In the lectures I am following, we are trying to show that
$AB = I \implies B=A^{-1}$, given that A and B are $n \times n$ square matrices. Of course we don't know if A and B are invertible or nonsingular etc. First we need to show these. It follows in the lectures that for a $\vec y \in R^n$,
$$A(B\vec y) = \vec y$$ and thus for every $\vec y$, there is a solution $B \vec y$. Thus the system is consistent with its coefficient matrix as $A$. Then the proof says $A$ must be nonsingular.
I am lost at this reasoning. How did we jump to the fact that $A$ is nonsingular? How can I know that $B \vec y$s are unique for all $\vec y$? Maybe the system has infinitely many solutions?
For reference, this is from Theodore Shifrin's Math 3500 Lectures on Youtube, Day 33, around time 35:00.

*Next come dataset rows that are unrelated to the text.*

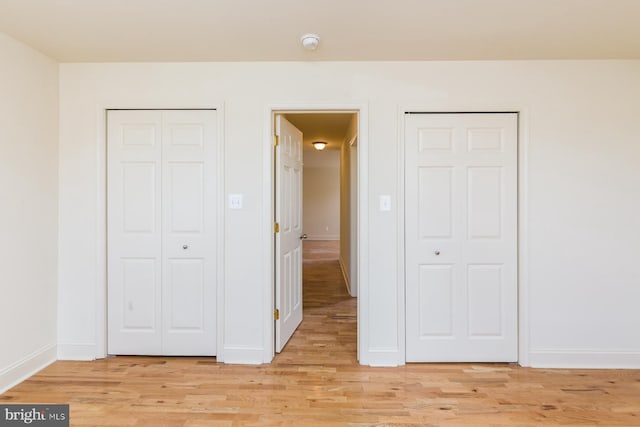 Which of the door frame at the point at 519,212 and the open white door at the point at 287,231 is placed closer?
the door frame at the point at 519,212


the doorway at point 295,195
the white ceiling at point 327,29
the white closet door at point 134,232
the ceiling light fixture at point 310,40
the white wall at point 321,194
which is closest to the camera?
the white ceiling at point 327,29

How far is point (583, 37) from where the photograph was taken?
2225 millimetres

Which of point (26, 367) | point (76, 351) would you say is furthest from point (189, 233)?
point (26, 367)

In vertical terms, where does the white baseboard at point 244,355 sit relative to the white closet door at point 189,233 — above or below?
below

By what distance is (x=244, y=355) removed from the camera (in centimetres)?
264

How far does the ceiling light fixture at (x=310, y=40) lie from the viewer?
2213 mm

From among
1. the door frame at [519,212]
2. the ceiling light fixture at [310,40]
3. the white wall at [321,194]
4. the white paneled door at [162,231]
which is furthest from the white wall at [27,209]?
the white wall at [321,194]

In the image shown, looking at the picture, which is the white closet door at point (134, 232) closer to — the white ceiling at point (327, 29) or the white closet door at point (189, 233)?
the white closet door at point (189, 233)

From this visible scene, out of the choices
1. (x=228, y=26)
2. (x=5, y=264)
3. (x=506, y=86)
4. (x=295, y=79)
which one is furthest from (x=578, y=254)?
(x=5, y=264)

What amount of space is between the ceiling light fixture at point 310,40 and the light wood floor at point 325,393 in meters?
2.30

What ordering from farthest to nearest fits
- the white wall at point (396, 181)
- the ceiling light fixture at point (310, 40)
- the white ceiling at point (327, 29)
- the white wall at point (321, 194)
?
the white wall at point (321, 194) → the white wall at point (396, 181) → the ceiling light fixture at point (310, 40) → the white ceiling at point (327, 29)

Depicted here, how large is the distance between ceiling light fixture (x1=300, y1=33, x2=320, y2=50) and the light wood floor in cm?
230

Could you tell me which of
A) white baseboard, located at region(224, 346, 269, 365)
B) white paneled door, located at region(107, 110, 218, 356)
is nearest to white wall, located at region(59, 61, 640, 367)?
white baseboard, located at region(224, 346, 269, 365)

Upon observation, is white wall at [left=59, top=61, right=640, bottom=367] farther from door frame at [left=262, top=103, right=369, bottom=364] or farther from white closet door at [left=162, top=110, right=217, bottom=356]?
white closet door at [left=162, top=110, right=217, bottom=356] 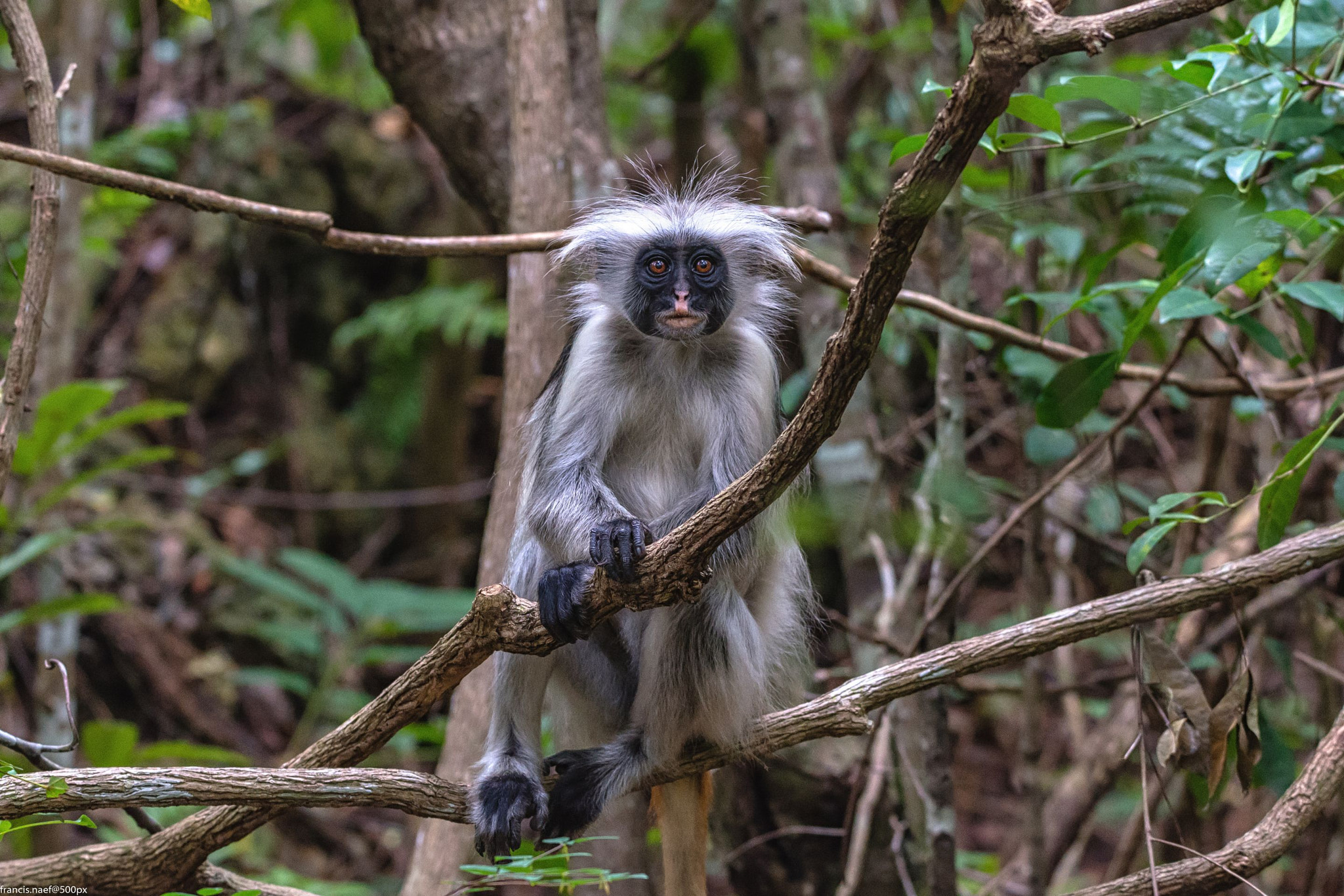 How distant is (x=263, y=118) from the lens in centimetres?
1091

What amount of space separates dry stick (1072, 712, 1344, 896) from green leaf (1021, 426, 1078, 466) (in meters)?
1.64

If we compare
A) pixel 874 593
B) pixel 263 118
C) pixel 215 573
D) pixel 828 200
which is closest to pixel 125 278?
pixel 263 118

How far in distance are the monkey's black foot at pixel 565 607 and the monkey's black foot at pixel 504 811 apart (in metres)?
0.78

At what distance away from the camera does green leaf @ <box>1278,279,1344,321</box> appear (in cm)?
383

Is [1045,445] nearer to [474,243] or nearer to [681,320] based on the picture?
[681,320]

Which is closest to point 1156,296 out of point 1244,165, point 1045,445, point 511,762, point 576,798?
point 1244,165

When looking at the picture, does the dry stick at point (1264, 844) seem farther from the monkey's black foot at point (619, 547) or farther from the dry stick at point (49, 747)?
the dry stick at point (49, 747)

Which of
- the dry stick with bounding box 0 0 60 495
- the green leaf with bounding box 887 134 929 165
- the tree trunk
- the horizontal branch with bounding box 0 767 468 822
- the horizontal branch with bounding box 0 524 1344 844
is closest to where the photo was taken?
the horizontal branch with bounding box 0 767 468 822

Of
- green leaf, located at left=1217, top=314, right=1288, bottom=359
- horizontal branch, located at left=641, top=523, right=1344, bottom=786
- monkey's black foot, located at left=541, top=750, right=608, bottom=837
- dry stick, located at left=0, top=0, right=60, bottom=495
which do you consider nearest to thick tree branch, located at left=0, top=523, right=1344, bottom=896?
horizontal branch, located at left=641, top=523, right=1344, bottom=786

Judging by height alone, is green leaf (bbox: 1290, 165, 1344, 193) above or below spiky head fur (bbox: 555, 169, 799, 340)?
below

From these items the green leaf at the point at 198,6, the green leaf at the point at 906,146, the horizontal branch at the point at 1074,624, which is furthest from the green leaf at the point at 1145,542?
the green leaf at the point at 198,6

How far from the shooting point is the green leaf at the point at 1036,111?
335 cm

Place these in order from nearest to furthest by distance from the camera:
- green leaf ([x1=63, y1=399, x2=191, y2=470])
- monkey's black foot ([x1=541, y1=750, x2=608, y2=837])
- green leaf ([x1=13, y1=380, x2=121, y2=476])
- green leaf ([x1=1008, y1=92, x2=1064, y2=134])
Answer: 1. green leaf ([x1=1008, y1=92, x2=1064, y2=134])
2. monkey's black foot ([x1=541, y1=750, x2=608, y2=837])
3. green leaf ([x1=13, y1=380, x2=121, y2=476])
4. green leaf ([x1=63, y1=399, x2=191, y2=470])

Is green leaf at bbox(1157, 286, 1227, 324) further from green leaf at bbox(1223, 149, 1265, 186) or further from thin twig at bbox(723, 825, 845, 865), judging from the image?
thin twig at bbox(723, 825, 845, 865) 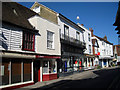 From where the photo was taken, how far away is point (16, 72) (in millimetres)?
10188

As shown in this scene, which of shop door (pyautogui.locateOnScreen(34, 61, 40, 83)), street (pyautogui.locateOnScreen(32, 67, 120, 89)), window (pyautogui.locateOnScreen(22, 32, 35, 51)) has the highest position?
window (pyautogui.locateOnScreen(22, 32, 35, 51))

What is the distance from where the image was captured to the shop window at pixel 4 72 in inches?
359

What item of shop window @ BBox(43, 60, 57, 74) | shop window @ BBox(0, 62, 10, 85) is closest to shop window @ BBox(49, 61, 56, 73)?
shop window @ BBox(43, 60, 57, 74)

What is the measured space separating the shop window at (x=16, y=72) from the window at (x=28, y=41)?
1520 millimetres

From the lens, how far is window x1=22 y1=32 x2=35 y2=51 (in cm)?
1140

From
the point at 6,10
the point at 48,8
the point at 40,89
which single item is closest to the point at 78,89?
the point at 40,89

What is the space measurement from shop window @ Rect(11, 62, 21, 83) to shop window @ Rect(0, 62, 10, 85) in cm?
52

$AB = I \implies A, B$ are non-singular matrices.
Proof by contradiction:
Suppose $A$ is singular. $\det(A) = 0.$
Since $\det(AB) = \det(A)\det(B),$ if $\det(A) = 0$ then $\det(AB) = 0.$
$\det(I) =1.$ $\det(AB) \ne \det(I) \implies AB\ne I$
This violates the given condition that $AB= I.$
$A$ is non-singular.
Same logic can be applied for $B.$